KEITH: That's right. Another criticism that we've heard since these executive actions have been rumored is that these actions send the wrong message about American values and that it could validate the claim that ISIS has been making that America is not just at war with ISIS but with Islam itself.
INSKEEP: So, clearly, the beginning of a debate - not the end here. And we'll be watching that through the day. Let's talk about Mexico. Tam, why is President Trump not meeting the president of Mexico after all?
KEITH: Well, it seems to be a dispute about who's going to pay for the wall.
INSKEEP: OK.
KEITH: And President Enrique Pena Nieto announced yesterday that he will not be coming. President Trump then announced that the feeling is mutual.
INSKEEP: OK. So how is the president intending to get Mexico to pay for the wall, if at all?
KEITH: (Laughter) Well, there was new word yesterday. It seemed like a trial balloon that was floated up and exploded and went away very quickly - but the idea of a tax on imports from Mexico that could be as high as 20 percent. Now, that seems like an interesting idea until you realize that the tax would most likely hit American consumers. It would be on consumer goods consumed by Americans so that, ultimately, Americans would pay for the wall - not Mexicans.
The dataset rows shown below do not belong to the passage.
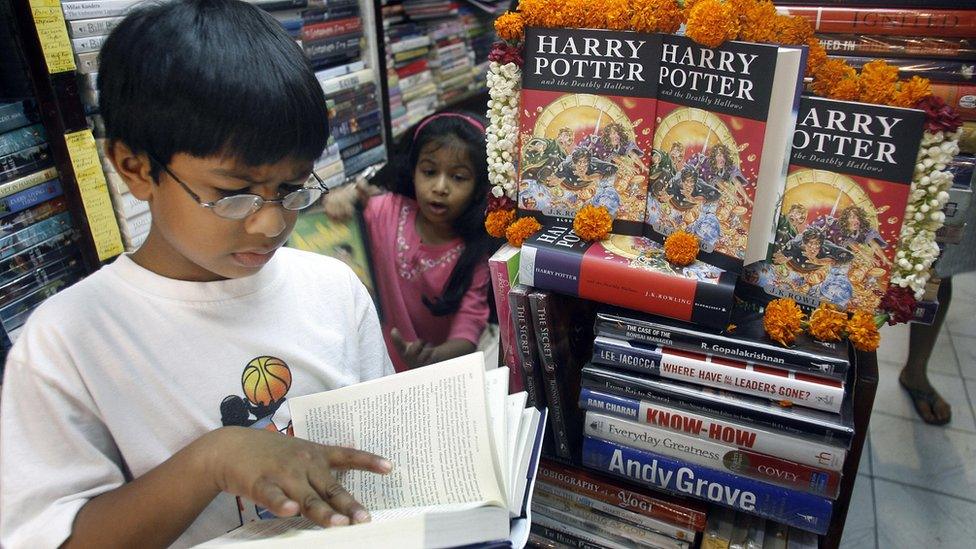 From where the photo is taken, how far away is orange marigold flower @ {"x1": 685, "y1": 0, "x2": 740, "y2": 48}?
2.74ft

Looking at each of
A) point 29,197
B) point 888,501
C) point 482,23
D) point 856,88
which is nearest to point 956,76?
point 856,88

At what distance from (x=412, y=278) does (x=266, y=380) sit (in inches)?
37.1

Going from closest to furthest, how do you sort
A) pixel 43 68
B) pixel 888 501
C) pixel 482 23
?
pixel 43 68 → pixel 888 501 → pixel 482 23

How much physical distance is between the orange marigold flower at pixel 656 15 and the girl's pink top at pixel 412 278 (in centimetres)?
94

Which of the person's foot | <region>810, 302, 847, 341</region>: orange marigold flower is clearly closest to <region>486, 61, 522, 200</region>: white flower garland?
<region>810, 302, 847, 341</region>: orange marigold flower

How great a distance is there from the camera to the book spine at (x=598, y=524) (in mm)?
1096

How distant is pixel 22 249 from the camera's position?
1.34 meters

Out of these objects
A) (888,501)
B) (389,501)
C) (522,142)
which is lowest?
(888,501)

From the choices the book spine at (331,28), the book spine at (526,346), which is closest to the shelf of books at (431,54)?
the book spine at (331,28)

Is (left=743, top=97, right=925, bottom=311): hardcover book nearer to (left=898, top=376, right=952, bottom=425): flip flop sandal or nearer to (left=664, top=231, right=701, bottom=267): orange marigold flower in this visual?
(left=664, top=231, right=701, bottom=267): orange marigold flower

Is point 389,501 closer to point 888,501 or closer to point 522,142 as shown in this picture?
point 522,142

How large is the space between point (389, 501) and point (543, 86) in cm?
63

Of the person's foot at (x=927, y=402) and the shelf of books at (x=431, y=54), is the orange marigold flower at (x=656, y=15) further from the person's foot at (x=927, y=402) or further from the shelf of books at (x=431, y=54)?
the person's foot at (x=927, y=402)

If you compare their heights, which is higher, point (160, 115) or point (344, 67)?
point (160, 115) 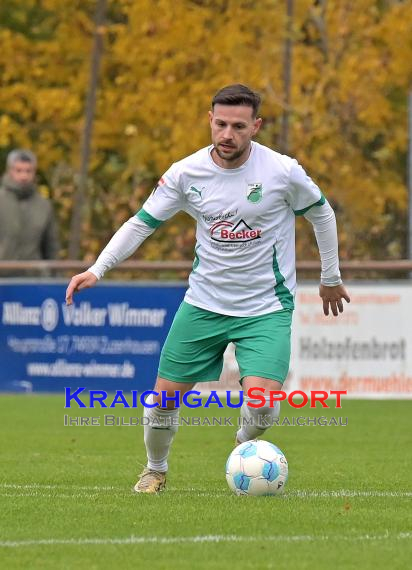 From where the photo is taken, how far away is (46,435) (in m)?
12.9

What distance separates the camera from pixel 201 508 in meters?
7.77

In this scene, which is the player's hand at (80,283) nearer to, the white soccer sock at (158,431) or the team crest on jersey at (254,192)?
the white soccer sock at (158,431)

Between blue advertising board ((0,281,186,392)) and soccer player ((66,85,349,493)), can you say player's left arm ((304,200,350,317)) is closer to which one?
soccer player ((66,85,349,493))

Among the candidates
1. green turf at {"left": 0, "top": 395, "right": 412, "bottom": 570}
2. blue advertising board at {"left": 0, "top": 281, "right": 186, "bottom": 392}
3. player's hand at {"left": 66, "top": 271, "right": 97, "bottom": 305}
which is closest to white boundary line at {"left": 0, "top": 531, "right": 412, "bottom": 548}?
green turf at {"left": 0, "top": 395, "right": 412, "bottom": 570}

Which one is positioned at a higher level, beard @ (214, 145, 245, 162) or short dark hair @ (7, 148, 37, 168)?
beard @ (214, 145, 245, 162)

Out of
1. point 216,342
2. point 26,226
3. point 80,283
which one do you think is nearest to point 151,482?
point 216,342

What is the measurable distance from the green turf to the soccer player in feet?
2.21

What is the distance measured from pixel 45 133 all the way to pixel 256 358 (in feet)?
54.8

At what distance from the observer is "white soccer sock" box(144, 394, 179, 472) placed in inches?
338

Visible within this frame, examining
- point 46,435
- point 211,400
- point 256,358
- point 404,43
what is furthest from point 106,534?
point 404,43

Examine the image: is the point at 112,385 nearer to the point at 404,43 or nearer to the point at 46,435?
Result: the point at 46,435

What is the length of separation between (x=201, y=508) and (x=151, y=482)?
36.3 inches

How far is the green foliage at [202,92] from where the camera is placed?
71.6 ft

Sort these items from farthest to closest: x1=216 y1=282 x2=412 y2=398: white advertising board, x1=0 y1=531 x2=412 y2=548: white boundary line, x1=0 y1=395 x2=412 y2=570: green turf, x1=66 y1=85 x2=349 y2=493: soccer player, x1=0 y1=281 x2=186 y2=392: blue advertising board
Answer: x1=0 y1=281 x2=186 y2=392: blue advertising board → x1=216 y1=282 x2=412 y2=398: white advertising board → x1=66 y1=85 x2=349 y2=493: soccer player → x1=0 y1=531 x2=412 y2=548: white boundary line → x1=0 y1=395 x2=412 y2=570: green turf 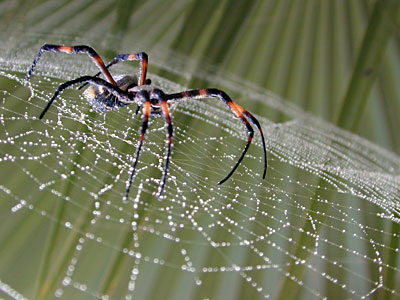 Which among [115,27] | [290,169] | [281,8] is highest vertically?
[281,8]

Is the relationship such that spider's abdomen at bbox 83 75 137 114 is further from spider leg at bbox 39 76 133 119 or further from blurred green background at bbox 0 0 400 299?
blurred green background at bbox 0 0 400 299

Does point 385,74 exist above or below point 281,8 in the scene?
below

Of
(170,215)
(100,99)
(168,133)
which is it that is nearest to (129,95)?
(100,99)

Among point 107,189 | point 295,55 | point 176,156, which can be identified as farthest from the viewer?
point 295,55

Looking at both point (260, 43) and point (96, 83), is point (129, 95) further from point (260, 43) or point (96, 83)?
point (260, 43)

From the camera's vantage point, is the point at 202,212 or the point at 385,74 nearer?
the point at 202,212

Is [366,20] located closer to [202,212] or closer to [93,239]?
[202,212]

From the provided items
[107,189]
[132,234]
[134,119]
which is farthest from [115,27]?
[132,234]

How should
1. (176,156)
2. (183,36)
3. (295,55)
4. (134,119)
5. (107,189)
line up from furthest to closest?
1. (295,55)
2. (183,36)
3. (134,119)
4. (176,156)
5. (107,189) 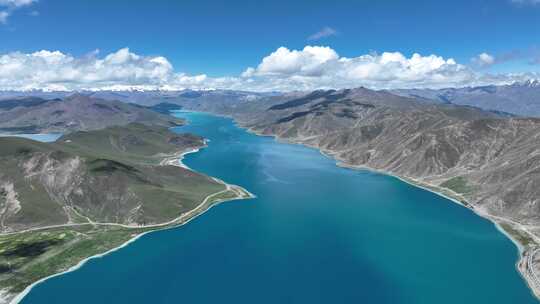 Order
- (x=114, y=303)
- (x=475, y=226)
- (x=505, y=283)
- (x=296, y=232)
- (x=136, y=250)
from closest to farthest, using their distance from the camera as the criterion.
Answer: (x=114, y=303)
(x=505, y=283)
(x=136, y=250)
(x=296, y=232)
(x=475, y=226)

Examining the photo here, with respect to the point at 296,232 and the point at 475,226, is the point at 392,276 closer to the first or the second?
the point at 296,232

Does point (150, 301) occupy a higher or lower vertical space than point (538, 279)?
lower

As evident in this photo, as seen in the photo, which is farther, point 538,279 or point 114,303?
point 538,279

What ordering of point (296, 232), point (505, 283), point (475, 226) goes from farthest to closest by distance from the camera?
point (475, 226) → point (296, 232) → point (505, 283)

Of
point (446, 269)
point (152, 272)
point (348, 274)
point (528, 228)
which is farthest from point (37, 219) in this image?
point (528, 228)

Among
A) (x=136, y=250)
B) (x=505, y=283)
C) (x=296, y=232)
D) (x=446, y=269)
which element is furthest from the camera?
(x=296, y=232)

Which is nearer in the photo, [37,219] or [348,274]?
[348,274]

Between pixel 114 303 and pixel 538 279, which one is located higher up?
pixel 538 279

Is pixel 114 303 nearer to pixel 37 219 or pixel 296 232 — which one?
pixel 296 232

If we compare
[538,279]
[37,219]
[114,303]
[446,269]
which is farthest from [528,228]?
[37,219] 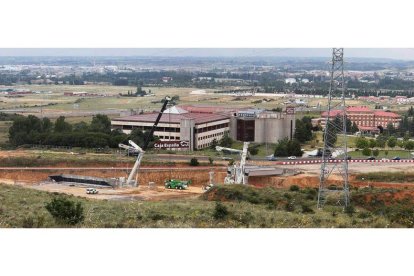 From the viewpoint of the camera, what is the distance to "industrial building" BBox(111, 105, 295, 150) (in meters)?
25.3

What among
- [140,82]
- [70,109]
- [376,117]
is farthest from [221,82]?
[376,117]

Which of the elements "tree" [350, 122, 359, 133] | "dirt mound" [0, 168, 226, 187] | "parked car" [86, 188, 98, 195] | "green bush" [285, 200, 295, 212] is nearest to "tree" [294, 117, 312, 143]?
"tree" [350, 122, 359, 133]

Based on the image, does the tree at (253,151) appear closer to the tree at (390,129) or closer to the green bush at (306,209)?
the tree at (390,129)

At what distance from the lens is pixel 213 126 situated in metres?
26.4

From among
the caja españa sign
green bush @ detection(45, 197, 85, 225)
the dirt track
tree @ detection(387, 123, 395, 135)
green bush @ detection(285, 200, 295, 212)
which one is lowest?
tree @ detection(387, 123, 395, 135)

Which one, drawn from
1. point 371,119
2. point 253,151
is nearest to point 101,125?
point 253,151

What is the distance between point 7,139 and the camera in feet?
87.5

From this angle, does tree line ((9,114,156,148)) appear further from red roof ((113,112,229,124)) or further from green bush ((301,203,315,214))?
green bush ((301,203,315,214))

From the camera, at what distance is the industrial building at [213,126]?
2533 centimetres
That idea was sort of quickly - it went up and went away. The White House has been stepping back from it.
INSKEEP: And we should mention there's also talk among House Republicans of a 20-percent, border-adjustment tax that would affect goods brought in from all countries. So we don't really have a lot of clarity about what the heck we're talking about here.
KEITH: No. And this could be related to that.
INSKEEP: We'll keep on that as best we can. One other thing to ask about, Tamara Keith - a number of top officials - career officials - at the State Department resigned. How unusual is that?
KEITH: There's always going to be a lot of turnover when a new president comes into office. But there was a sense that this happened very quickly and sort of suddenly. Some of these people were nudged out. Others are retiring. Trump doesn't even have a secretary of state yet. Rex Tillerson has not been confirmed yet. That is expected to happen soon.
The American Foreign Service Association, which is the professional association for foreign-service officers, put out a statement saying that there is turnover. It's part of the DNA of the State Department - and that they hope that Tillerson will choose people who come through the ranks of the Foreign Service.
INSKEEP: OK. Tamara, thanks very much as always. Really appreciate it.
KEITH: You're welcome.
INSKEEP: So much to catch up on there. That's NPR White House correspondent Tamara Keith.